Server Monitoring Best Practices: Keeping Your C App and Redis Clusters Alive on OVH

Proactive C Application Health Checks with Systemd and Redis Cluster Monitoring

Maintaining the stability of critical C applications and their underlying Redis clusters on cloud infrastructure, particularly within an OVH environment, demands a robust, multi-layered monitoring strategy. This isn’t about merely reacting to failures; it’s about anticipating them. We’ll focus on deep system-level integration for our C application and specific, actionable metrics for Redis, all designed for production resilience.

Systemd Service Monitoring for C Applications

For C applications managed by systemd, leveraging its built-in capabilities is the first line of defense. We’ll configure systemd to not only restart failed services but also to actively probe their health. This involves defining a custom health check executable that systemd can call periodically.

Creating a C Health Check Executable

This small C program will perform a basic check, such as attempting to bind to a specific port or making a simple internal API call. For demonstration, we’ll simulate a check by returning an exit code of 0 for success and non-zero for failure.

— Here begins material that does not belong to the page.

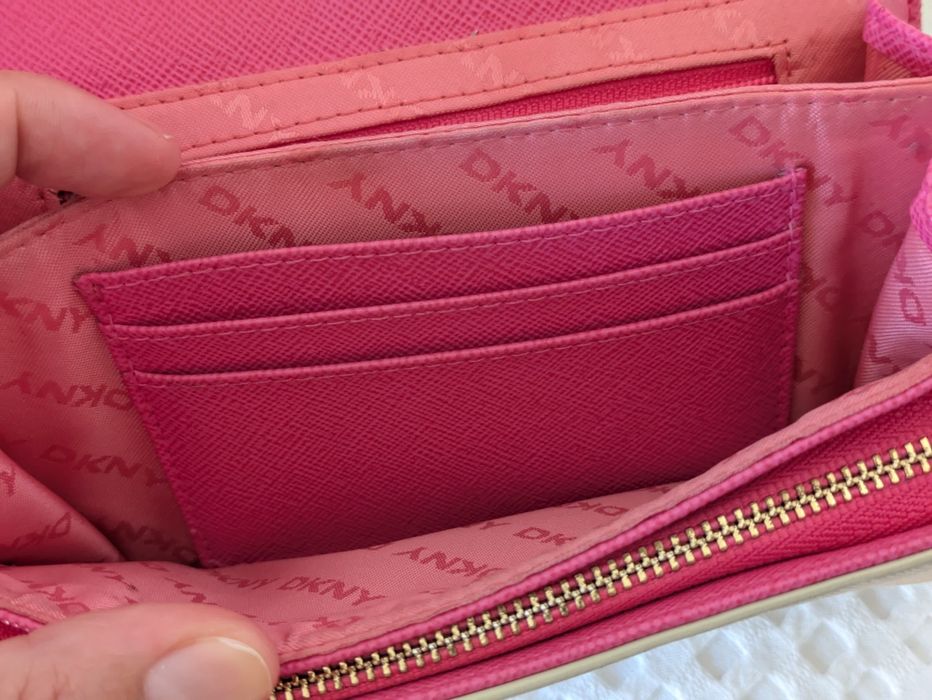 Carteira DKNY rosa e bege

Create a file named app_health_check.c:

#include <stdio.h>
#include <stdlib.h>
#include <unistd.h>
#include <sys/socket.h>
#include <netinet/in.h>

// Define the port your C application listens on
#define APP_PORT 8080

int main() {
    int sock_fd;
    struct sockaddr_in serv_addr;

    // Attempt to create a socket
    if ((sock_fd = socket(AF_INET, SOCK_STREAM, 0)) < 0) {
        perror("socket creation failed");
        return 1; // Indicate failure
    }

    // Prepare the sockaddr_in structure
    serv_addr.sin_family = AF_INET;
    serv_addr.sin_addr.s_addr = htonl(INADDR_LOOPBACK); // Check localhost
    serv_addr.sin_port = htons(APP_PORT);

    // Attempt to connect to the application's port
    // This is a simplified check. A real-world scenario might involve sending a specific request.
    if (connect(sock_fd, (struct sockaddr *)&serv_addr, sizeof(serv_addr)) < 0) {
        perror("connection to app failed");
        close(sock_fd);
        return 1; // Indicate failure
    }

    // If connection is successful, the app is likely responsive
    printf("Application health check successful.\n");
    close(sock_fd);
    return 0; // Indicate success
}

Compile this program and place the executable in a known location, e.g., /usr/local/bin/app_health_check.

gcc app_health_check.c -o /usr/local/bin/app_health_check
chmod +x /usr/local/bin/app_health_check

Configuring Systemd Service Unit

Now, modify your C application’s systemd service unit file (e.g., /etc/systemd/system/my-c-app.service) to include health checking directives.

[Unit]
Description=My Critical C Application
After=network.target

[Service]
ExecStart=/usr/local/bin/my-c-app
Restart=always
RestartSec=5s

# Health Check Configuration
# Type=notify is preferred if your app supports it.
# Otherwise, use ExecStartPost with a script that calls the health check.
# For simplicity, we'll use a basic ExecStartPost here.
# A more robust approach would be a dedicated systemd timer and service.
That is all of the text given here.